Data extracted from a collection
•••
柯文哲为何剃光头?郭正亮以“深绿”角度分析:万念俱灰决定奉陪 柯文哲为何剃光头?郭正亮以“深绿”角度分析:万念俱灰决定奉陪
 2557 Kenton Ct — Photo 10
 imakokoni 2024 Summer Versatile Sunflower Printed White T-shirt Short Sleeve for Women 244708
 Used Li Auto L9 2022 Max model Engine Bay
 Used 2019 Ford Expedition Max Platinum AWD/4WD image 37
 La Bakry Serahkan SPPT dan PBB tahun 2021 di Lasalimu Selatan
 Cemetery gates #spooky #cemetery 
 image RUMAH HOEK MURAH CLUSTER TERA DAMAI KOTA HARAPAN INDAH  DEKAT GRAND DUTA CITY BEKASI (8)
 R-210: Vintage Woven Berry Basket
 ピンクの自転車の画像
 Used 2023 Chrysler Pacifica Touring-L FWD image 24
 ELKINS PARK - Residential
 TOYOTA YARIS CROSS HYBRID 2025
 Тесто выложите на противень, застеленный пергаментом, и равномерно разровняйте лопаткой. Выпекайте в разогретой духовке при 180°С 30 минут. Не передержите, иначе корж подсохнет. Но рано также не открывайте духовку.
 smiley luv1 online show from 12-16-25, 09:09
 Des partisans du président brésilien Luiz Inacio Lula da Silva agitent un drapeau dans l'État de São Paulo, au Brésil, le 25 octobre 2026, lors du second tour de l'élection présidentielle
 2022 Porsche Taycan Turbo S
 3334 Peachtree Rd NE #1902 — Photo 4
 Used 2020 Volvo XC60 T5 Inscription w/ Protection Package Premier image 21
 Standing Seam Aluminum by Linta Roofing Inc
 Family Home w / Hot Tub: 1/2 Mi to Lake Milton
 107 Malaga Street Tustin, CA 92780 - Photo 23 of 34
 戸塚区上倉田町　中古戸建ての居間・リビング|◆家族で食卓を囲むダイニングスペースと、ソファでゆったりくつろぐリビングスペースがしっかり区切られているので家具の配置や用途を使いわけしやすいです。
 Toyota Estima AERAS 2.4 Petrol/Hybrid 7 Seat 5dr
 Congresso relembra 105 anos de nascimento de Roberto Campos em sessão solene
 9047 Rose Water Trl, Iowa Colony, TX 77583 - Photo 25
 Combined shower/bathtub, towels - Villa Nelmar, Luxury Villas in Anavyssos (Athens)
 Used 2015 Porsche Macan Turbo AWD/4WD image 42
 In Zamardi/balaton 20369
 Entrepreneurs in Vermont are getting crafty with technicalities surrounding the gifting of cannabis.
•••
Copy the entries word for word. Leave nothing out.

柯文哲为何剃光头?郭正亮以“深绿”角度分析:万念俱灰决定奉陪 柯文哲为何剃光头?郭正亮以“深绿”角度分析:万念俱灰决定奉陪
 2557 Kenton Ct — Photo 10
 imakokoni 2024 Summer Versatile Sunflower Printed White T-shirt Short Sleeve for Women 244708
 Used Li Auto L9 2022 Max model Engine Bay
 Used 2019 Ford Expedition Max Platinum AWD/4WD image 37
 La Bakry Serahkan SPPT dan PBB tahun 2021 di Lasalimu Selatan
 Cemetery gates #spooky #cemetery 
 image RUMAH HOEK MURAH CLUSTER TERA DAMAI KOTA HARAPAN INDAH  DEKAT GRAND DUTA CITY BEKASI (8)
 R-210: Vintage Woven Berry Basket
 ピンクの自転車の画像
 Used 2023 Chrysler Pacifica Touring-L FWD image 24
 ELKINS PARK - Residential
 TOYOTA YARIS CROSS HYBRID 2025
 Тесто выложите на противень, застеленный пергаментом, и равномерно разровняйте лопаткой. Выпекайте в разогретой духовке при 180°С 30 минут. Не передержите, иначе корж подсохнет. Но рано также не открывайте духовку.
 smiley luv1 online show from 12-16-25, 09:09
 Des partisans du président brésilien Luiz Inacio Lula da Silva agitent un drapeau dans l'État de São Paulo, au Brésil, le 25 octobre 2026, lors du second tour de l'élection présidentielle
 2022 Porsche Taycan Turbo S
 3334 Peachtree Rd NE #1902 — Photo 4
 Used 2020 Volvo XC60 T5 Inscription w/ Protection Package Premier image 21
 Standing Seam Aluminum by Linta Roofing Inc
 Family Home w / Hot Tub: 1/2 Mi to Lake Milton
 107 Malaga Street Tustin, CA 92780 - Photo 23 of 34
 戸塚区上倉田町　中古戸建ての居間・リビング|◆家族で食卓を囲むダイニングスペースと、ソファでゆったりくつろぐリビングスペースがしっかり区切られているので家具の配置や用途を使いわけしやすいです。
 Toyota Estima AERAS 2.4 Petrol/Hybrid 7 Seat 5dr
 Congresso relembra 105 anos de nascimento de Roberto Campos em sessão solene
 9047 Rose Water Trl, Iowa Colony, TX 77583 - Photo 25
 Combined shower/bathtub, towels - Villa Nelmar, Luxury Villas in Anavyssos (Athens)
 Used 2015 Porsche Macan Turbo AWD/4WD image 42
 In Zamardi/balaton 20369
 Entrepreneurs in Vermont are getting crafty with technicalities surrounding the gifting of cannabis.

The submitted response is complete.